South Korea has already raised the alert, saying that the impact of North Korea’s sixth nuclear test could spread to the real economy, which could dent oil demand. Additionally, an escalation of tensions between the United States and China on this issue could also have trade and economic repercussions.
These risks come at a time when the oversupply of oil was just beginning to balance out against demand. Before the threat of North Korea emerged, growing oil inventories and demand had offered a glimmer of hope in rebalancing the oil market, the International Energy Agency (IEA) said in its latest monthly oil report released in August.
The IEA said that though OECD (Organisation for Economic Co-operation and Development) oil stocks have come off and are now below 2016 levels, they remain 219 million barrels above the five-year average. Even if stocks fall by half a million barrels per day (b/d), they will still be about 60 million barrels above the five-year average by March 2018, according to the Paris-based agency.
The IEA forecasts demand growth of 1.5 million b/d in 2017 and still relatively strong demand growth of 1.4 million b/d next year.
Now, the fragile recovery in demand is under threat. In reaction to Pyongyang’s claim that it tested a hydrogen bomb, US President Donald Trump tweeted that the US was considering “stopping all trade with any country doing business with North Korea.”
This was clearly directed at China, which is believed to have maintained its oil ties with North Korea.
Japan has been pushing for an oil embargo as an additional UN Security Council sanction against North Korea, following the regime’s ballistic missile launch over Japan on August 29. But any UN Security Council resolution on tightening sanctions against North Korea would require tacit consent from China, which has veto power as a permanent UN Security Council member.
Market sources have told us that China supplies small volumes of crude from its Daqing block to North Korea’s Ponghwa refinery - through a pipeline. Ponghwa has a capacity to handle 1.5 million tonnes of oil per year (30,000 b/d).
According to China’s official customs data, the last crude exports to North Korea were in December 2013 at 92,223 tonnes with a total of 578,002 mt (4.24 million barrels) exported to the country that year. After that, no crude exports to North Korea are recorded. But market sources in North Asia say North Korea currently takes about 6 million barrels/year of Chinese crude.
Meanwhile, supply is still growing. OPEC continues to grapple with oversupply owing to a ramp up of production in Nigeria and Libya - the two OPEC members exempt from the oil cut deal agreed by OPEC and nonOPEC producers in late 2016.
According to the latest Platts survey, OPEC produced 32.82 million b/d in July, its highest level so far this year.
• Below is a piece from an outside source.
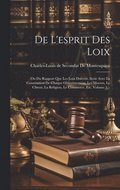 De L'esprit Des Loix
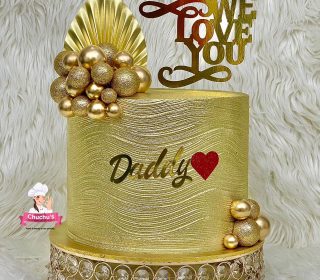 Luxe Gold “Daddy” Cake (10” – 4 Layers)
Libya’s oil output averaged 990,000 b/d in July, up 180,000 b/d from June, though the country lost around 360,000 b/d of output by mid-August due to the closure of three fields.
Nigeria produced 1.81 million b/d in July, up 30,000 b/d from June.
Oversupply has kept a lid on oil prices which have hovered in a tight range of US$50-52 per barrel for Brent crude and US$47-49 per barrel for West Texas Intermediate crude.
But strong signs are emerging that the 1.8 million b/d production cut agreement which took effect on January 1 this year and was due to end in March 2017 will be extended until June.
Saudi Arabia and Russia are keen on the extension to demonstrate their commitment to market management and dampen fears that the producers will return to a market-share battle as soon as the deal expires. Informal discussions have begun around the deal and Iran and Iraq have pledged their support.
Meanwhile, Libya and Nigeria have been invited to attend the next OPEC/ non-OPEC monitoring committee meeting in Vienna on September 22 to discuss their their production outlook. It was not clear if the two countries will be asked to join the cut agreement.
But with stocks still stubbornly high and non-OPEC production growth showing no signs of abating - according to the IEA, non-OPEC output is expected to grow by 1.4 million b/d in 2018 and that could wipe out gains from a growth in demand - it remains to be seen if simply an extension will be enough or will the producer group have to deepen the production cuts to speed up rebalancing.